**Work item:** Without the images, reproduce every entry exactly.

(Web page caption snippets)
※

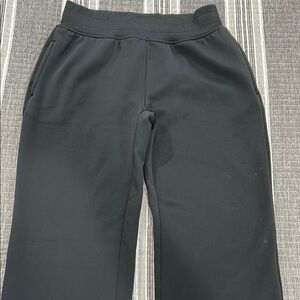 Under Armour loose fit pants small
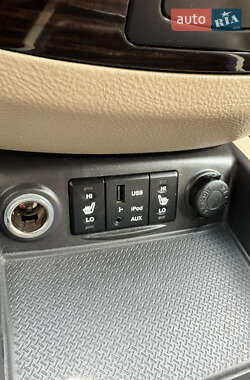Внедорожник / Кроссовер Hyundai Santa FE 2011 в 
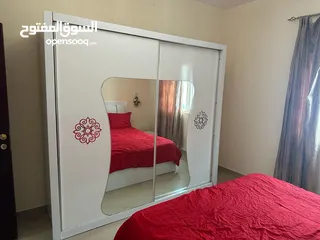  9 محمود سعد)غرفة وصالة للايجار الشهري في الشارقة التعاون بفرش فندقي ثاني ساكن بتشطيب ممتاز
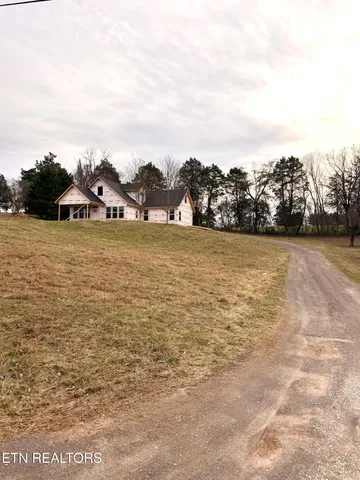 $559,900 | 115 Nelson Lane, Clinton, TN 37716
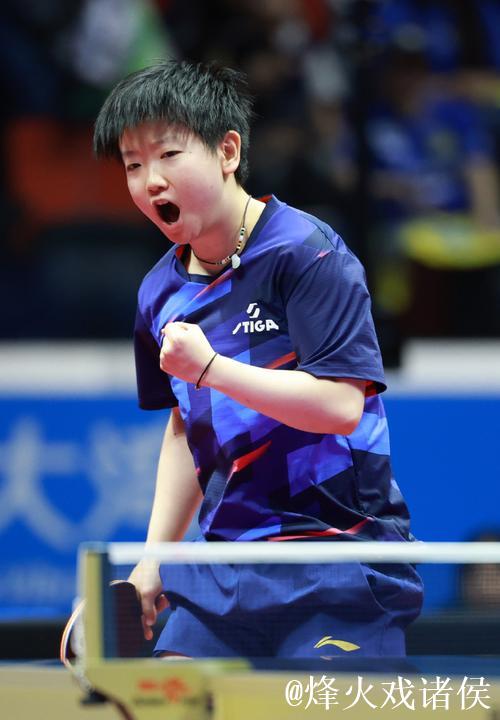 孙颖莎4-1战胜王晓彤 晋级十五运会女单八强 孙颖莎4-1战胜王晓彤 晋级十五运会女单八强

※

**Answer area:**
 Under Armour loose fit pants small
Внедорожник / Кроссовер Hyundai Santa FE 2011 в 
  9 محمود سعد)غرفة وصالة للايجار الشهري في الشارقة التعاون بفرش فندقي ثاني ساكن بتشطيب ممتاز
 $559,900 | 115 Nelson Lane, Clinton, TN 37716
 孙颖莎4-1战胜王晓彤 晋级十五运会女单八强 孙颖莎4-1战胜王晓彤 晋级十五运会女单八强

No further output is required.